Lastly, we have partiality.

Partiality |ˌpärSHēˈalədē| — noun

unfair bias in favor of one thing or person compared with another; favoritism: an attack on the partiality of judges.10

Now, partiality, generally speaking, is actually rather contrarian to the overall character of the LGBTQIA+ community—except, perhaps, for the strange acrimony towards bisexuals that still seems to exist. The community is otherwise comparatively inclusive.

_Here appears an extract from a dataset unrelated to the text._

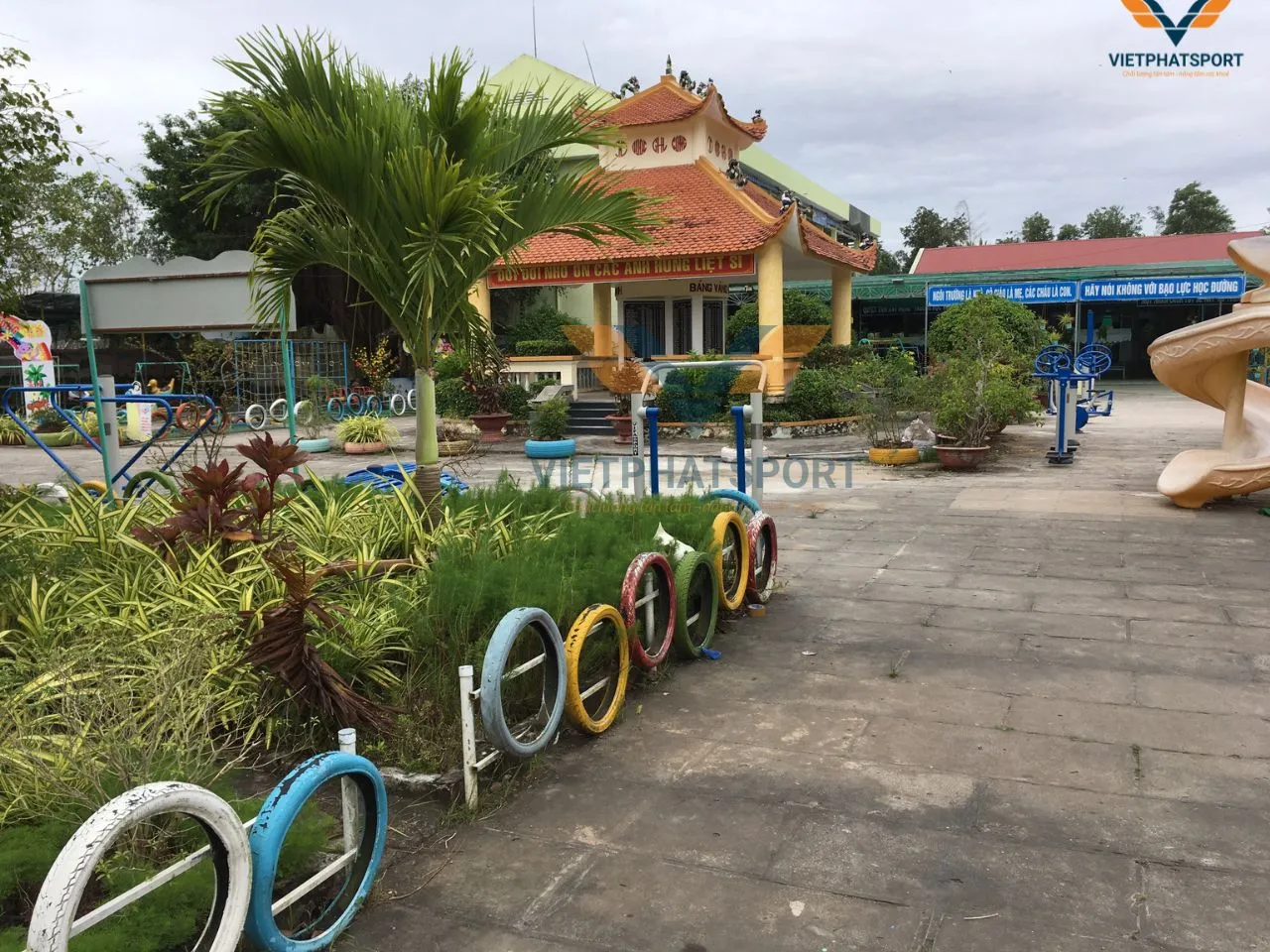 UBND Xã Vĩnh Bình, Bạc Liêu đầu tư Thiết bị thể dục ngoài trời để phục vụ cho bà con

But I want to focus more on Mona’s sense of partiality, specifically in reference to her unfair bias regarding her being the more fit candidate to cook a meal for the two of us for our second date, as I have never cooked explicitly for a vegetarian before and she prides herself on her cooking ability, which, in congruence with her low self-esteem, was something to let shine. I couldn’t argue with the latter part of her logic, but admittedly I ended up disliking her stew (just as I figured I would) to such a degree that I couldn’t finish more than a third of it, and she got some joy out of watching me struggle before she started to feel bad and finished it for me. She told me not to worry, that she wasn’t offended, and accompanied her reassurance with an adorable giggle. Not for nothing, but I think that’d been insulting enough for her interest to wane, which it clearly did by the time we’d gotten together again.

Conclusion: She’s squishy and naturally (not unpleasantly) odorous, like an ol’ fashioned human being, but based on my breakdown of Haraway’s statement I can’t be sure she’s not a cyborg.

Next Episode: The Supposed Death of a Cat


1 The New Oxford American Dictionary, Apple.

2 Also The New Oxford American Dictionary, Apple.

3 When we were shopping at Housing Works, we’d come across a velvety letterman jacket for one Chad Wells. The jacket looked flattering on my date, and she was hard pressed to purchase it, but for reasons I don’t seem to recall she passed it up. Neither of us have ever known a Chad Wells.

4 I suppose it’s worth noting that Donald Glover does not identify as asexual. His place in her essay is in regards to his stance on the internet and how she reflects on aspects of her own identity through listening to his music, a reflection that’s a bit puzzling on the surface when considering the oversexed language present in much of his lyrics.

5 For those who aren’t too familiar with asexuality, it’s worth noting that there are asexuals who identify also as aromantic, meaning they feel little-to-no need to express or receive any sort romantic affection towards/from another individual. My date was not aromantic.

6 A Cyborg Manifesto: Science, Technology, and Socialist-Feminism in the Late Twentieth Century (1984), Donna Haraway.

7 The New Oxford American Dictionary, Apple.

8 Once again, The New Oxford American Dictionary, Apple. (I’m going to be doing this quite a bit. Deal with it.)

9 Must I say it? The New Oxford American Dictionary, Apple.

10 One more time, lets hear it for The New Oxford American Dictionary, Apple.